INFORMATION SUPPLIED:
Content starts

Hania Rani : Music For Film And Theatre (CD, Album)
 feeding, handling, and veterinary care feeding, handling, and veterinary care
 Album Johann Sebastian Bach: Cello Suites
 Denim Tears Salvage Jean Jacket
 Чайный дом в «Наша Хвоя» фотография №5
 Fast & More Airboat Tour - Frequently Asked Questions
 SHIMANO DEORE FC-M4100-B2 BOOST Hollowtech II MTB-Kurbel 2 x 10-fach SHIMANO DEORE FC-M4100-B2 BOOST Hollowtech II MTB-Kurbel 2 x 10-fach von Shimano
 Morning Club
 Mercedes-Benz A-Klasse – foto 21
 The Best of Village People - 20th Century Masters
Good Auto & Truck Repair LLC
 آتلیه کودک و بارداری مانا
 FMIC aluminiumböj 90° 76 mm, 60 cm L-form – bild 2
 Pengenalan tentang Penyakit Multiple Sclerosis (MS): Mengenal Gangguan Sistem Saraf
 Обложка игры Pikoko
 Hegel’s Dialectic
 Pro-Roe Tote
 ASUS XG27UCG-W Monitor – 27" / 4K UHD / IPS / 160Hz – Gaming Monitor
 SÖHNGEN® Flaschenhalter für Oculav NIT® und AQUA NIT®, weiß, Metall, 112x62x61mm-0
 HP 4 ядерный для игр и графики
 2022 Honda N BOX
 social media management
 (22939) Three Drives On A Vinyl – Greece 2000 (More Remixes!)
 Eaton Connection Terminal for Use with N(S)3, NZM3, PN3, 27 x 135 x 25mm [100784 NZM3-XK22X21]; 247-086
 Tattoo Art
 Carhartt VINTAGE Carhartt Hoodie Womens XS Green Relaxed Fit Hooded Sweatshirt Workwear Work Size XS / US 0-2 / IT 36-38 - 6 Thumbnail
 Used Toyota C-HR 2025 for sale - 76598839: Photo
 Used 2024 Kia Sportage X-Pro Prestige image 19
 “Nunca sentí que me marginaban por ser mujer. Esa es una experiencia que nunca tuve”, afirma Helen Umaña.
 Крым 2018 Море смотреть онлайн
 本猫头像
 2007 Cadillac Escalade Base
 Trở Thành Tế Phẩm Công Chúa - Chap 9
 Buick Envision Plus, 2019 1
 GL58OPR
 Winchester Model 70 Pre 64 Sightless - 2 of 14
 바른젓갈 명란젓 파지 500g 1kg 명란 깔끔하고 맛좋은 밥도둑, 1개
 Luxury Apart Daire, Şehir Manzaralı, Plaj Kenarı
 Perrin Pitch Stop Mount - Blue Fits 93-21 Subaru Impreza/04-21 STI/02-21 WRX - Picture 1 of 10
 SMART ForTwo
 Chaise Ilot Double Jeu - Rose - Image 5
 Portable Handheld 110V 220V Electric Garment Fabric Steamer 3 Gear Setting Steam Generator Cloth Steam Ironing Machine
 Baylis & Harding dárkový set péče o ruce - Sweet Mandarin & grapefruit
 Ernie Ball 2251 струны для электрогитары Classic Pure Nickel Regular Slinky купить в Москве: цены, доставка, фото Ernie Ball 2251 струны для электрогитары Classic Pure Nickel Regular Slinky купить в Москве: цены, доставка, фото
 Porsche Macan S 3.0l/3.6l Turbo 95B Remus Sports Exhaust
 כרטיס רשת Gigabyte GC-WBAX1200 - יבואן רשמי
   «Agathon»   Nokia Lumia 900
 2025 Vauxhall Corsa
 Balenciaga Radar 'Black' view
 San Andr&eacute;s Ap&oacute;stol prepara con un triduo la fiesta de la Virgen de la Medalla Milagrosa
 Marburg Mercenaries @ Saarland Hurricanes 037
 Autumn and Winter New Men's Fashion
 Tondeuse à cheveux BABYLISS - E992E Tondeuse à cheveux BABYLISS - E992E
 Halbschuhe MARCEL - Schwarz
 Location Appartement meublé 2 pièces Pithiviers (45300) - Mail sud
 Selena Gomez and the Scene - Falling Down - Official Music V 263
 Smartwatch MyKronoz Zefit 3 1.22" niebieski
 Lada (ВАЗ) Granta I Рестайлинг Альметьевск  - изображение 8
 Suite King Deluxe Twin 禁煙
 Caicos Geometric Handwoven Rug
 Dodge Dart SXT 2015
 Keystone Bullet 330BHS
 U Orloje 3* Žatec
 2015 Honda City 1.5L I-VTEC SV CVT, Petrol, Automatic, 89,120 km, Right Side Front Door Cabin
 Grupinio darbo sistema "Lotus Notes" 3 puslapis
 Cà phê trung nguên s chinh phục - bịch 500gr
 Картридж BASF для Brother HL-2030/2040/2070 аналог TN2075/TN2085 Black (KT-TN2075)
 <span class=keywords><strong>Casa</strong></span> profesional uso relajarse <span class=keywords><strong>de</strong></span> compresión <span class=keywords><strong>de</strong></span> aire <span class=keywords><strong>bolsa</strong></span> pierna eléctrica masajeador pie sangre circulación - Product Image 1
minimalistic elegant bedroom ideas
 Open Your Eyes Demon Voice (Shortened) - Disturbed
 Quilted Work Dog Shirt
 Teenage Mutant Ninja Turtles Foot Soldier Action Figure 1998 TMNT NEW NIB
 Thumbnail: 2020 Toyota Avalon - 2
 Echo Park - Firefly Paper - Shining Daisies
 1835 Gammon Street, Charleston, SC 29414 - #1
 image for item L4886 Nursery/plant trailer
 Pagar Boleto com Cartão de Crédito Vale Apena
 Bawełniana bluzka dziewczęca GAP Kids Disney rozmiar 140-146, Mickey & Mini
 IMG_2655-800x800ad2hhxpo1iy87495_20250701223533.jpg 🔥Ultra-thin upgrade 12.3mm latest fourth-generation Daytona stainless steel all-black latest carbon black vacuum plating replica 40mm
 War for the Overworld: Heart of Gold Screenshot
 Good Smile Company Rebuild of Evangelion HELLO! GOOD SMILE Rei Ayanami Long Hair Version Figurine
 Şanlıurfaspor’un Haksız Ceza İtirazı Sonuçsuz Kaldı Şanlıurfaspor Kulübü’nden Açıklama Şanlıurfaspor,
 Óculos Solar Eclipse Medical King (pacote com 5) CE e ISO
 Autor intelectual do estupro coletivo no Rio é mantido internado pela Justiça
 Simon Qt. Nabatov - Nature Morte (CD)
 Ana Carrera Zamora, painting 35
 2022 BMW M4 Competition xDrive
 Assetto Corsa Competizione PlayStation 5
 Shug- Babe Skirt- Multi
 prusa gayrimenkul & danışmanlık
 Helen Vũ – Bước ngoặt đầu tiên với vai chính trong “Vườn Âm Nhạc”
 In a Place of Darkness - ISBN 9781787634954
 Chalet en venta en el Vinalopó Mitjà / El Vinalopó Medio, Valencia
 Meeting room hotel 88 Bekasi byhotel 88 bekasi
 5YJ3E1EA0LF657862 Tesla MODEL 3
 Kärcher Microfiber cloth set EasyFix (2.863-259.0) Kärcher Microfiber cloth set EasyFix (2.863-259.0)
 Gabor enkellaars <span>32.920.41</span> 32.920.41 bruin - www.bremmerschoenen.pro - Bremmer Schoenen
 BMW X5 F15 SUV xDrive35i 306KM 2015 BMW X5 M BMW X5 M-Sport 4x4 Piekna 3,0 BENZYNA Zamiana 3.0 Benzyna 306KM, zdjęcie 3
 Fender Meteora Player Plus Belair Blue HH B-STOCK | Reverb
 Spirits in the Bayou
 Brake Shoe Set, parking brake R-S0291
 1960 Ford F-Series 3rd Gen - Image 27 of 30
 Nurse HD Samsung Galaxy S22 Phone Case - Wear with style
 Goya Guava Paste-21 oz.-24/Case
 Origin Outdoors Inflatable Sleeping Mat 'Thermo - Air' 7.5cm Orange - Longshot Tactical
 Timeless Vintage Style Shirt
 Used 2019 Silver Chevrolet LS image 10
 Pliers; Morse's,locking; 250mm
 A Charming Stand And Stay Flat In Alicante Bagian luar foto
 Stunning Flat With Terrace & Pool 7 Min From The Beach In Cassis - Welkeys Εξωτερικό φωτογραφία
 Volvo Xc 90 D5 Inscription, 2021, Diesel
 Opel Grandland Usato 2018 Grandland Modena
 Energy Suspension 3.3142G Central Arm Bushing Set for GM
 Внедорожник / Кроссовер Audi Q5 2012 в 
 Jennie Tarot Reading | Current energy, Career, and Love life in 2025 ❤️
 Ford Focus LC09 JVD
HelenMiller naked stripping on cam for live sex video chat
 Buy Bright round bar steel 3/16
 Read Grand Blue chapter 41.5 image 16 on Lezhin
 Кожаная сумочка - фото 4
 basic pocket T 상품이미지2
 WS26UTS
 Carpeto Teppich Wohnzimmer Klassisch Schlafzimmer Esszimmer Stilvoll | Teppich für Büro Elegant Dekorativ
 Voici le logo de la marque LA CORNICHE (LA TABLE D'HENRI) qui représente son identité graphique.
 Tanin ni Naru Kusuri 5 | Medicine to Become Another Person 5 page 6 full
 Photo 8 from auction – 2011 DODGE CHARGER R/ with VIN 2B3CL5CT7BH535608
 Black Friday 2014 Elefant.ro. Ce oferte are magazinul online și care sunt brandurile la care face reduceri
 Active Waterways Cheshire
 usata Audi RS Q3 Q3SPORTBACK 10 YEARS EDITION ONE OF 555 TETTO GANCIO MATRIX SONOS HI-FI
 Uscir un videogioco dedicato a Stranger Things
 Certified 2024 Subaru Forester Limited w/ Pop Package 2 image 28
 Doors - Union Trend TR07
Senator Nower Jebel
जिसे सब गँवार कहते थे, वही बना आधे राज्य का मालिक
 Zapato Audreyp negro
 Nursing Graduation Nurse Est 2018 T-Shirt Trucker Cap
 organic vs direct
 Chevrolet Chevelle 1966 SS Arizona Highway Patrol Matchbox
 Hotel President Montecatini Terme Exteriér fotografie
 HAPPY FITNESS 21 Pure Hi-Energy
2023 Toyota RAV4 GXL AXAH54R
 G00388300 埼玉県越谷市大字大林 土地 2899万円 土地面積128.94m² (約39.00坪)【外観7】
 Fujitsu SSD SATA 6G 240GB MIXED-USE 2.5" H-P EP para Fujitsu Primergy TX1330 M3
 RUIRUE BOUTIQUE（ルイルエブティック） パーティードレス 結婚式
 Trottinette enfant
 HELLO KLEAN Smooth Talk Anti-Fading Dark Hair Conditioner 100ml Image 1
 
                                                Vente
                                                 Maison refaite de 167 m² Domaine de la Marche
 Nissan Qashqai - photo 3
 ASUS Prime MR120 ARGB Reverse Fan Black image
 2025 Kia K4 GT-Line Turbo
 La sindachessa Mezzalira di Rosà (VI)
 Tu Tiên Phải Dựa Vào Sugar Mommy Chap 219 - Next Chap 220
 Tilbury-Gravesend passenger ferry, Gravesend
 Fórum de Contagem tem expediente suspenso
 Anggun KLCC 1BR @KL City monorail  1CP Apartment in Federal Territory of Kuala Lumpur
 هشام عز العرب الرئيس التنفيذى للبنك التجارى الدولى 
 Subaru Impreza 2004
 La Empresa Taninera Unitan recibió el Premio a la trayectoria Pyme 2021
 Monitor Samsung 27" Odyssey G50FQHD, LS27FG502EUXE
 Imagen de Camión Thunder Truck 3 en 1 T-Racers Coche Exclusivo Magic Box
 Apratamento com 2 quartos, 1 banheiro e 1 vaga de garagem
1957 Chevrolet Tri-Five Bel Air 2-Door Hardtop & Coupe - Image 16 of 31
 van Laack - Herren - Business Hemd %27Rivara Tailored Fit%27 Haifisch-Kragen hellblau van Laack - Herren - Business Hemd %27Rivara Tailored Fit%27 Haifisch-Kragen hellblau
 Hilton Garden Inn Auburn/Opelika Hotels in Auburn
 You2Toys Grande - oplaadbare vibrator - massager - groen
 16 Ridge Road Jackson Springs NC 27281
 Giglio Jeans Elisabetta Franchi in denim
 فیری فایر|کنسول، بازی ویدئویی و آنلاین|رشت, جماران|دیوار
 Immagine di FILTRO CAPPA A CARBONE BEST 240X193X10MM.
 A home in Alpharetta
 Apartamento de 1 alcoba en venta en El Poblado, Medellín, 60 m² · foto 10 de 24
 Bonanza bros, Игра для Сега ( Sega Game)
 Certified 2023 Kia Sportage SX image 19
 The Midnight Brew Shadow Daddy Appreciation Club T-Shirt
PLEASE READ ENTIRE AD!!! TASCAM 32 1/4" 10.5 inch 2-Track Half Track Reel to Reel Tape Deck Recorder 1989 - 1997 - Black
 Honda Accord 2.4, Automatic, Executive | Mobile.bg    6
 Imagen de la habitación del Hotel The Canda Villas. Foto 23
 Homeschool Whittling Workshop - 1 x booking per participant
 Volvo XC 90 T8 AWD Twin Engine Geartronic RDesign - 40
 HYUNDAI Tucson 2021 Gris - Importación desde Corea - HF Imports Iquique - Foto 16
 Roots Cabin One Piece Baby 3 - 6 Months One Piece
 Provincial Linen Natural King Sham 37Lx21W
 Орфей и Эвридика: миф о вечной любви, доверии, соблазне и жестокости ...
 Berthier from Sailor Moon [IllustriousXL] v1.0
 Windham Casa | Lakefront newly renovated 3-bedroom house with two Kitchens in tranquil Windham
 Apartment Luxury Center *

Content ends

When you reach the line holding "A Charming Stand" in the records above, begin reproducing exactly, stop after the line holding "Read Grand Blue", and output nothing else.

SOLVED EXERCISE:
 A Charming Stand And Stay Flat In Alicante Bagian luar foto
 Stunning Flat With Terrace & Pool 7 Min From The Beach In Cassis - Welkeys Εξωτερικό φωτογραφία
 Volvo Xc 90 D5 Inscription, 2021, Diesel
 Opel Grandland Usato 2018 Grandland Modena
 Energy Suspension 3.3142G Central Arm Bushing Set for GM
 Внедорожник / Кроссовер Audi Q5 2012 в 
 Jennie Tarot Reading | Current energy, Career, and Love life in 2025 ❤️
 Ford Focus LC09 JVD
HelenMiller naked stripping on cam for live sex video chat
 Buy Bright round bar steel 3/16
 Read Grand Blue chapter 41.5 image 16 on Lezhin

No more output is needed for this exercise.